A second-grader was diagnosed with Attention Deficit Hyperactivity Disorder and Developmental Coordination Disorder and received accommodations through Section 504 of the Rehabilitation Act. For the following year and a half, no additional services were provided.

Shortly before the student started fourth grade, the parents requested that the student be evaluated for special education services. The district refused on the basis that the 504 accommodations were sufficiently addressing the student’s needs. One month later, a private neuropsychologist diagnosed the student with a specific learning disability with impairment in written expression and recommended that that the student be considered for special education services. At that point, the district agreed to evaluate the student.

While evaluating the student for special education services, the district documented that the student was reported to have “average or near average abilities in the areas of basic reading, reading fluency, reading comprehension, math calculation, math reasoning, oral expression and listening comprehension” but “apparent deficits in written expression.” It also noted that the student “displayed a tendency toward inattentiveness to a significant degree across all settings” and found that the student met eligibility criteria for IDEA services as a student with an SLD in the area of written expression.

A draft IEP was prepared and an ARD meeting was held. At the meeting, the ARD committee formalized its determination that the student was eligible for special education services. However, the parents declined to agree with the IEP and informed the district that they had retained a parent advocate to attend a second ARD with them.
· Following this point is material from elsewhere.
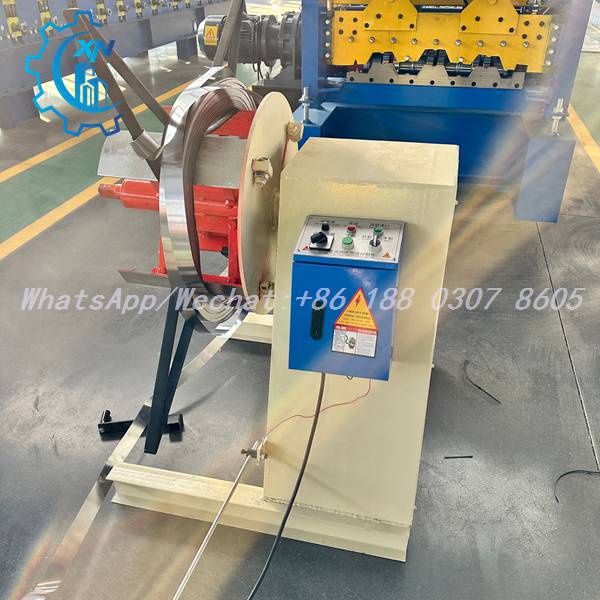 Decoiler feeding coil into stud making machine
Sometime between the first ARD meeting and the second, district staff held a “staffing” at which the district’s outside counsel was present. The parents were not invited. The district informed the parents at the second ARD meeting that the student was not eligible for special education services. The student finished fourth grade with only 504 accommodations, earning all A’s and B’s, with no discipline referrals.

The parents requested a due process hearing, alleging that the district had “coached” the teachers to a finding of no eligibility at the “staffing.” Following a hearing, the special education hearing officer ruled that the student was eligible for special education services, finding a “shocking difference” in the opinions expressed by teachers and district staff at the first ARD meeting as compared with the second. The parents filed suit against the school district in district court to recover attorneys’ fees, and the school district filed a counterclaim, challenging the decision that the student was eligible for services. The district court ruled in favor of the parents and the school district appealed.

The only issue considered by the court of appeals was whether the student needed special education services. In conducting that analysis, the court noted that it must assess eligibility using the information available to the ARD committee at the time of its decision, without the benefit of hindsight. Therefore, whether or not the student succeeded without an eligibility determination was irrelevant.

It then noted that, at the time, the district formalized the eligibility decision based on the input of a dyslexia specialist, an occupational therapist, an educational diagnostician, an assistant principal, a special education teacher, two general education teachers and a licensed specialist in student psychology. Twelve days later, after a private meeting, the district reversed itself based on no new meaningful information.

The court of appeals affirmed the judgment of the district court and found that the student was eligible for special education services.